─── EXTRACTED INFORMATION
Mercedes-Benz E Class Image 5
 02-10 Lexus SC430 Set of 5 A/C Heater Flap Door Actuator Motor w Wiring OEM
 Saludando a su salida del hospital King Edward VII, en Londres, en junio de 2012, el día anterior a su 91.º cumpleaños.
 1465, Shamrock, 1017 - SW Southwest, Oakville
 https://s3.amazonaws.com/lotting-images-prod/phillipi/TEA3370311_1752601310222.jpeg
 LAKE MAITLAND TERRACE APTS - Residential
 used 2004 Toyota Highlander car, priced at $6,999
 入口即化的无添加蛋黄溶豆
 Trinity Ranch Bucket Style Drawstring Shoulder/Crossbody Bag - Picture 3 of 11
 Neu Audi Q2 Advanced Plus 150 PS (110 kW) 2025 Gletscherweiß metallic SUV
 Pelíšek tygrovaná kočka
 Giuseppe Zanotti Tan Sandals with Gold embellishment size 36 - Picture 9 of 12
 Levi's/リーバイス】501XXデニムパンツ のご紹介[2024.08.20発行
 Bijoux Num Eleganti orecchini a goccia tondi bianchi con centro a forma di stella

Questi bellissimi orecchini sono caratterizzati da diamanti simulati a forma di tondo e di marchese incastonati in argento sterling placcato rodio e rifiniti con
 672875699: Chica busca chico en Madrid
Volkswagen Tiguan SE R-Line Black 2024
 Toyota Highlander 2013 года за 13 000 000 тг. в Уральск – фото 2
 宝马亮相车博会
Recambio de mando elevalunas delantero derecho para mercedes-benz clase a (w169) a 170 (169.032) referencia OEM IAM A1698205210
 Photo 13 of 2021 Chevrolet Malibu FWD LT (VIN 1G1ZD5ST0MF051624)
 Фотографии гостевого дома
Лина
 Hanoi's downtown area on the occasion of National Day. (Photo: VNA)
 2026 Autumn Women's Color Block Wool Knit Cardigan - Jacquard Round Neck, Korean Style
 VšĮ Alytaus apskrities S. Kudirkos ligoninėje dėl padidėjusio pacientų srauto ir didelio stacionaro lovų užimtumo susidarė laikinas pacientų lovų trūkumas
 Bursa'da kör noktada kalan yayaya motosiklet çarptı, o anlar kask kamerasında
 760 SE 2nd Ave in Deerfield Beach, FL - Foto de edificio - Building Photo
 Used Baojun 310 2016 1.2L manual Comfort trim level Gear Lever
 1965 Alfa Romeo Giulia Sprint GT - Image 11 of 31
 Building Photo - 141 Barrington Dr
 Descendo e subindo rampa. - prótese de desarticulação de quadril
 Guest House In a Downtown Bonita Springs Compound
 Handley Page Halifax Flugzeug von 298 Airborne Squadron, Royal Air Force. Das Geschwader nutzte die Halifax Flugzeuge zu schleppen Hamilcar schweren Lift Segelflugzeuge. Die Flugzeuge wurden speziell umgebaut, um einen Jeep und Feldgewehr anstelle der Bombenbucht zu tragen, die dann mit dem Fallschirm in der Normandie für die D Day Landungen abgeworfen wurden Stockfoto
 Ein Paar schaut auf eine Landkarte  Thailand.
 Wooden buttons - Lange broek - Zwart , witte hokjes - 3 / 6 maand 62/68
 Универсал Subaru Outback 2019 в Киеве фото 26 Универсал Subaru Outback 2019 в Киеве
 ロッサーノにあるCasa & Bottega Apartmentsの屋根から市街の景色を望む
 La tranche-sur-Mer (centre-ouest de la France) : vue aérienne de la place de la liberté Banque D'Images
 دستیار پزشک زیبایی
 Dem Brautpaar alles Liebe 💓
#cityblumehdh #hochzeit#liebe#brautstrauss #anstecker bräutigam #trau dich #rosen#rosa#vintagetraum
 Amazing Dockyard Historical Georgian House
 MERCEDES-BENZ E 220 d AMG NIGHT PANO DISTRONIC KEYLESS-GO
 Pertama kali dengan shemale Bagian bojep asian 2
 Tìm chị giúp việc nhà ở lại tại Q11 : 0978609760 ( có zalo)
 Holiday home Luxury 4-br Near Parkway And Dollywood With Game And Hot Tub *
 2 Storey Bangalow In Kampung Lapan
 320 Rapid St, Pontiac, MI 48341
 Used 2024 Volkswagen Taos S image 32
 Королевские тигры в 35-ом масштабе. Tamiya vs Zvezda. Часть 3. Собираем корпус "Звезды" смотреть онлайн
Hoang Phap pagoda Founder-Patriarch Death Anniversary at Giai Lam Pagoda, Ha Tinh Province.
──────
**WHAT IS EXPECTED:**
Scan the lines above for "Saludando a su" and for "Trinity Ranch Bucket". Repeat exactly the line holding each of them and every line in between.

**ANSWER TO THE EXERCISE:**
 Saludando a su salida del hospital King Edward VII, en Londres, en junio de 2012, el día anterior a su 91.º cumpleaños.
 1465, Shamrock, 1017 - SW Southwest, Oakville
 https://s3.amazonaws.com/lotting-images-prod/phillipi/TEA3370311_1752601310222.jpeg
 LAKE MAITLAND TERRACE APTS - Residential
 used 2004 Toyota Highlander car, priced at $6,999
 入口即化的无添加蛋黄溶豆
 Trinity Ranch Bucket Style Drawstring Shoulder/Crossbody Bag - Picture 3 of 11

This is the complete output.